Elaine, congratulations on your first feature film with Spirit Untamed. I know you’ve worked primarily in television as a director, how was it taking on a full-length film? Can you ever be too prepared?
No (laughs), I think the experience I had throughout all my years in television were definitely invaluable regarding feature directing up to this point. It was scary to think of when approaching this film, but there’s a twist inside of me that can’t say no to an opportunity. I had to jump in, plus I’ve also been an equestrian since I was 9 years old, and this was the first project that came around that had horses in it, so I couldn’t pass that opportunity up. It was the perfect way to utilise all that juicy life experience and that deeper understanding of what it means to have that horse-human bond.
Had you been circling many film projects prior to Spirit Untamed?
It’s really funny and strange how the timing worked out. It was literally within weeks of me deciding it was time for a change, to head back to feature (films) that this project came up on the table. There were a couple of others at the time, but this one really spoke to me because of the cast of characters being centred around a really strong group of kick-butt, young women just being heroes. It felt really personal.
Is it true that this is a sequel to 2002’s Spirit?
It’s not what I would call a sequel to either the first film or the TV series. Making the film we thought of it more as a standalone, next iteration, or a Spirit for the new generation. Even our horse in this movie isn’t the same horse that existed in the first film. The TV series kind of transformed him into the original Spirit’s grandson, so he’s of the same lineage, just of a new generation.
How did you start in animation?
Oh yeah, well…”When I was four…” (laughs), no, I remember just drawing and writing little stories, and just watching anything animated since I can remember. I grew up in an artistic family. My father is an artist, my brother is actually an animator, so it was always in-house. I was always encouraged and very supported so I started taking art classes pretty young, and then went on to college courses that centred around film, art, photography, writing…and then eventually I ended up in college for 2D classical animation. From there is how I got invited into a program to be a storyboard artist for Dreamworks, and I’ve never left.
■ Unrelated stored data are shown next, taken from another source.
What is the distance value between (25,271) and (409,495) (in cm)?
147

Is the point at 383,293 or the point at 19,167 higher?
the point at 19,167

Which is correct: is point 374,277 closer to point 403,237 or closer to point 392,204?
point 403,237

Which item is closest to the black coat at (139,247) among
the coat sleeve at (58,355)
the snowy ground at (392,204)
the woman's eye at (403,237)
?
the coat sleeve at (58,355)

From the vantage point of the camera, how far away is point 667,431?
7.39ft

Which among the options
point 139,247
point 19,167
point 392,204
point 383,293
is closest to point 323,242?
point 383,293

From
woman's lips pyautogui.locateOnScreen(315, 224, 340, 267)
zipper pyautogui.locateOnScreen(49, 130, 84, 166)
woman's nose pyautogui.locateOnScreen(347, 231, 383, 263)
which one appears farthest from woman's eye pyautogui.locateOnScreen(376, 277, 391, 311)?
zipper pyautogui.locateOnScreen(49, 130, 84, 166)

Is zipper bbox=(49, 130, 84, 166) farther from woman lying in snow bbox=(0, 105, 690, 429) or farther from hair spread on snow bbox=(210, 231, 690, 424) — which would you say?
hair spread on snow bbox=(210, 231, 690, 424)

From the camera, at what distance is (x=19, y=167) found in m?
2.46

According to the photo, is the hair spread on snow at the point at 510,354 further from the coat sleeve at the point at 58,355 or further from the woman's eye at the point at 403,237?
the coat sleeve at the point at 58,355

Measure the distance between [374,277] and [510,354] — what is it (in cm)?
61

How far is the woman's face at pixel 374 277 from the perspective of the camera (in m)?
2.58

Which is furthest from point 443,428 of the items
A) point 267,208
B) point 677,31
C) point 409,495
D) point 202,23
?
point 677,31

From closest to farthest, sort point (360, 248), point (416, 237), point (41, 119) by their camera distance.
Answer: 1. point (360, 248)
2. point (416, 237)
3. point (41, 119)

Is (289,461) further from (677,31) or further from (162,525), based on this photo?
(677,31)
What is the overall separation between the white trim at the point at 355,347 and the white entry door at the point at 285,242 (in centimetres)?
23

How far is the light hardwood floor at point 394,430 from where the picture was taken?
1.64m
Given the fact you have 2D animated experience, was there ever the discussion of making this film more traditionally animated?
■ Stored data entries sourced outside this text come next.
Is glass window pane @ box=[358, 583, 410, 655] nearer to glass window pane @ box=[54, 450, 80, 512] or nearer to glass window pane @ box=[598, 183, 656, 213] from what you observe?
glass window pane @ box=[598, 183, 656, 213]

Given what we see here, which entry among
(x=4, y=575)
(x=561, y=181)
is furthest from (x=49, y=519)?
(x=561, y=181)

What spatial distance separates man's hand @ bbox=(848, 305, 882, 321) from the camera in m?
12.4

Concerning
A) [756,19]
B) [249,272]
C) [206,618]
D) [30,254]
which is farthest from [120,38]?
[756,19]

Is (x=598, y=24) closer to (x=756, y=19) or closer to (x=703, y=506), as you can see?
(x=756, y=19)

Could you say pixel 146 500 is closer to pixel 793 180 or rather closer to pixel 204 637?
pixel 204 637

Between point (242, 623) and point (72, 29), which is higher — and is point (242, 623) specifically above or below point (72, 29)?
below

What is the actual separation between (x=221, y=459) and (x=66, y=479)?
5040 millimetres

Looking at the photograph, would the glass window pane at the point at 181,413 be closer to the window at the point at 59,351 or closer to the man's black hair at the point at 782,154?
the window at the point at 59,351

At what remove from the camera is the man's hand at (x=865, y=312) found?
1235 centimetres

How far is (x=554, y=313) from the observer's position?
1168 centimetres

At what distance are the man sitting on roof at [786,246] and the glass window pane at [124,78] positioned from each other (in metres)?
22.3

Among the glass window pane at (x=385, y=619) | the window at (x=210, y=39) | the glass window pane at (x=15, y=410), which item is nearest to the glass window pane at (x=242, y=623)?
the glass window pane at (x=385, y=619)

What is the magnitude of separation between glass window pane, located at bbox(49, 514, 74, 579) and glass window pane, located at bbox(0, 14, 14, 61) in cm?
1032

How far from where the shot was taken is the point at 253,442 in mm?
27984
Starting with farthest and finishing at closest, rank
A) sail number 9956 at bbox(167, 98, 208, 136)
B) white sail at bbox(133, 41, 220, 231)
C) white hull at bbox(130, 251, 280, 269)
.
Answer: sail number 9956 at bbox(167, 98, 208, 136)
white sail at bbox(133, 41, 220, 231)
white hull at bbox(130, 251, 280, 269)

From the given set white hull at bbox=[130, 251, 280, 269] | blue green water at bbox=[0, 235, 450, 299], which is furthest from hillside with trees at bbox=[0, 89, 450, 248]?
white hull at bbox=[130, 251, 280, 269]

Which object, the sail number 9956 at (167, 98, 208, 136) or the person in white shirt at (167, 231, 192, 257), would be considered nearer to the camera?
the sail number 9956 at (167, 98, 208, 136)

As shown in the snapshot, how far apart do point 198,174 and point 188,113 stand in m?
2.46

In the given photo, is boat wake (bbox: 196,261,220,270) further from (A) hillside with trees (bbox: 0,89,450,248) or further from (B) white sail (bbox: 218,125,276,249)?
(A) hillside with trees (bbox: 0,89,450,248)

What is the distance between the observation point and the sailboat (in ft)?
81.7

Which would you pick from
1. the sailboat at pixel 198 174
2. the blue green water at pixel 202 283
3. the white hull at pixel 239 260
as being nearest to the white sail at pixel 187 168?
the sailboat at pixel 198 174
I think at this time for Dreamworks it wasn’t something they necessarily thought a lot about going back to. The industry right now is one that is really quickly evolving, constantly changing, and bringing in new technology and ways of doing things. I think every new project becomes an iteration of whatever technology is around. It’s kind of fascinating in that way.
There’s such an amazing voice cast here (Jake Gyllenhaal, Julianne Moore, Walton Goggins, Isabela Merced), how long ago was that done? It always fascinates me how lengthy a process animated films are.
It feels like 10 years, but in all honesty our project was only allowed 2 years in relation to a lot of other animated films, which are usually anywhere between 3 and 5 years. We were on a pretty tight schedule, but we did bring our actors in about a year ago. Working with them throughout the process was really cool because it meant they were allowed a lot of input and ideas to add to their characters. Some animated films don’t get that feedback from the actors.
Are you there for the recording process?
Yes. In a normal situation we’d be there right with them, but because of lockdown we’d be doing it over Skype calls and watching the actor in their environment, giving them feedback over video call.
Will film be a primary focus now or will you work between film and television?
It’s so hard to imagine what’s going to be going on with the world and my life in general. Right now, we’re just neck-deep in finishing Spirit. But one of the coolest parts about animation is the medium itself is evolving into whatever format you want. It could be a feature, it could be a series, it could be a mini series, it could be a short…there’s so many avenues to go down now. Long story short, i’m not sure.
Is there a particular process that you go through personally when looking at what projects you want to do?
Absolutely. When looking at a potential new project I comb through it to find as many themes or storylines or characters that I can deeply relate to on some level. Can I put myself in that story and think “That feels real to me”, or connect to this character because I know someone like that in real life. For me, it’s drawing on that experience and creating something that feels believable for the audience.
Here in Australia we are so lucky that cinemas have been open for as long as they have, and I know that over there (in the United States) the plan is for a cinema release. Has there ever been any discussion about it going to streaming?
Big studios like Dreamworks are always prepared. I feel like they probably have a million discussions going on behind closed doors. But, for now, the plan is to definitely release it in theatres, and hopefully that happens at a time, everywhere, that people are excited to get back out there and get back to normal. Hopefully this movie is seen as a bright, uplifting adventure that makes people want to go out and have adventures of their own.
Spirit Untamed is expected in cinemas from May 2021.